++++ Study material ++++

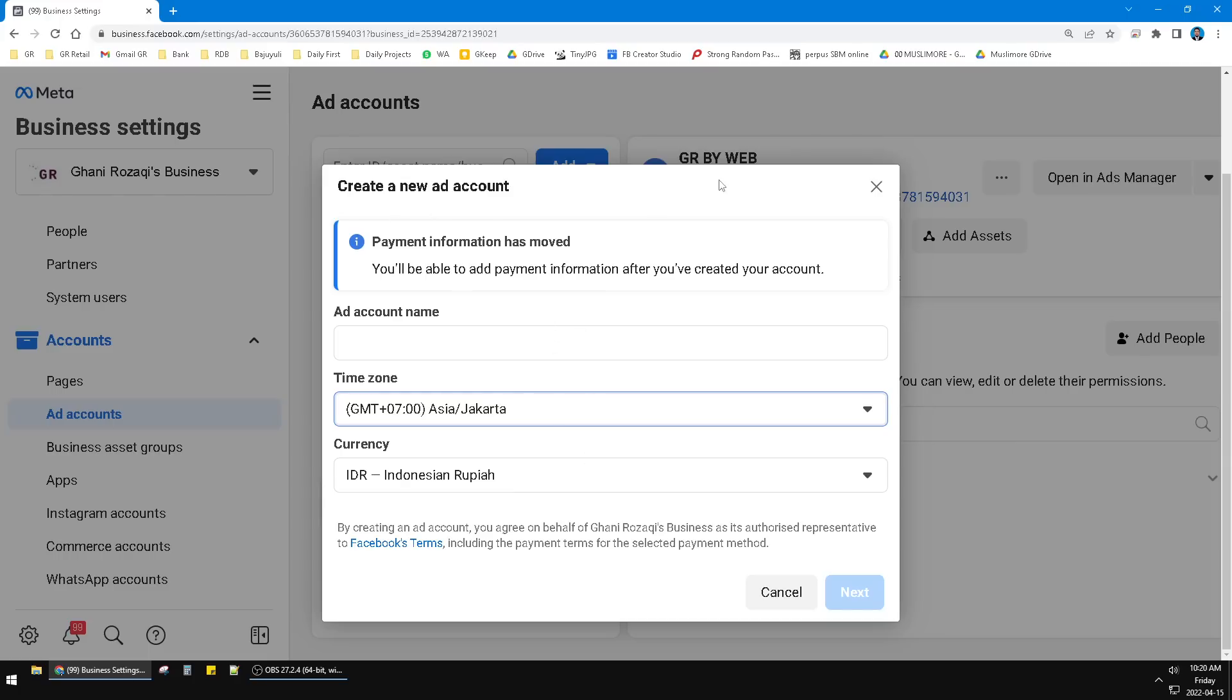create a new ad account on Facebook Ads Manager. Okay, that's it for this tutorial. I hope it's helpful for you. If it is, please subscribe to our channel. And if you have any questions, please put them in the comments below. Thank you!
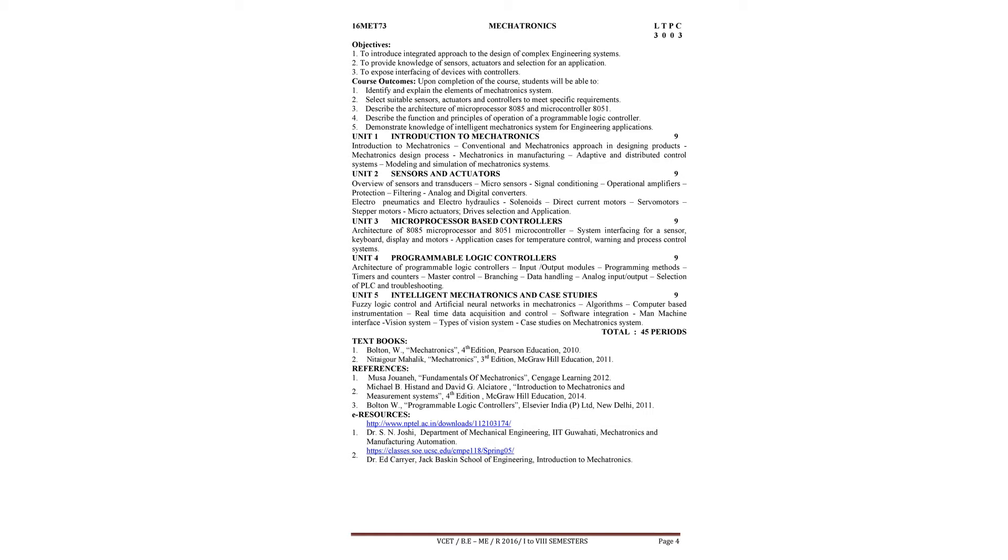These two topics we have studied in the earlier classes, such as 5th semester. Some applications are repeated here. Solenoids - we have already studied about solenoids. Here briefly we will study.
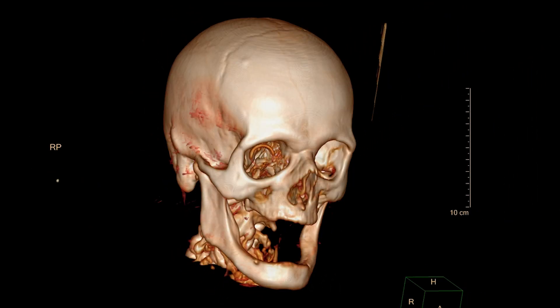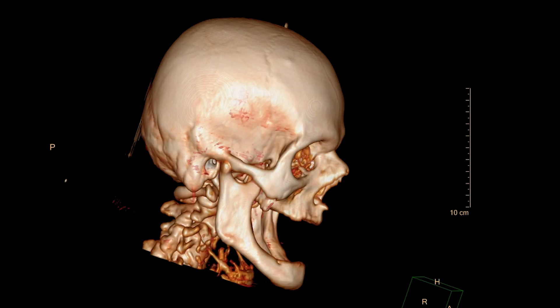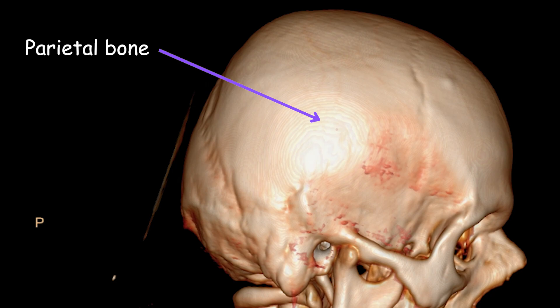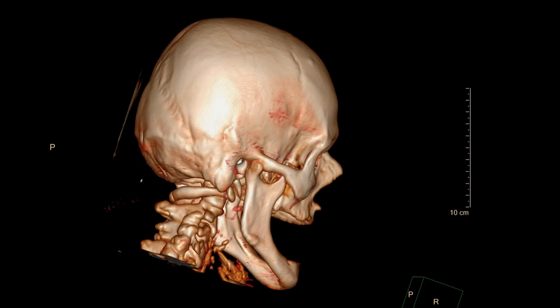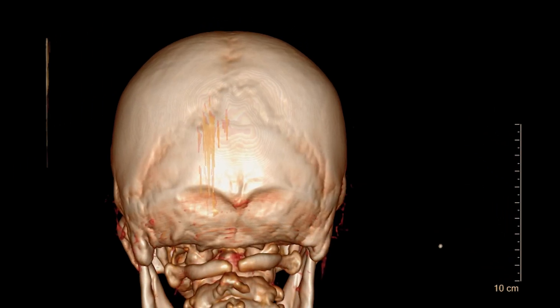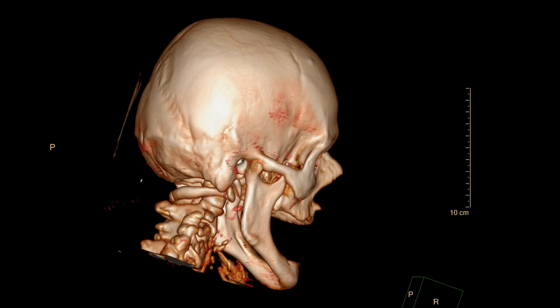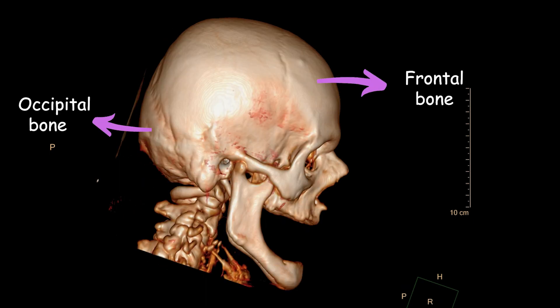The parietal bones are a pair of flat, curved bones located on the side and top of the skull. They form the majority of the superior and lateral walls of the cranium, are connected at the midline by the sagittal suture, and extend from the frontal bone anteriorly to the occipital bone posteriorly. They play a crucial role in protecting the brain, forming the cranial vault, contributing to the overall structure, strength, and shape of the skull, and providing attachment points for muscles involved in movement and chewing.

++++
++++ Study material ++++

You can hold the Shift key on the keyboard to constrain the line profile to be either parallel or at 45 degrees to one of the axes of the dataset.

++++

• The problem
Your reply is to be an exact repeat of the listing above from the line holding "create a new" down to the line holding "These two topics", ends included, pictures excluded.

• Final answer
create a new ad account on Facebook Ads Manager. Okay, that's it for this tutorial. I hope it's helpful for you. If it is, please subscribe to our channel. And if you have any questions, please put them in the comments below. Thank you!
These two topics we have studied in the earlier classes, such as 5th semester. Some applications are repeated here. Solenoids - we have already studied about solenoids. Here briefly we will study.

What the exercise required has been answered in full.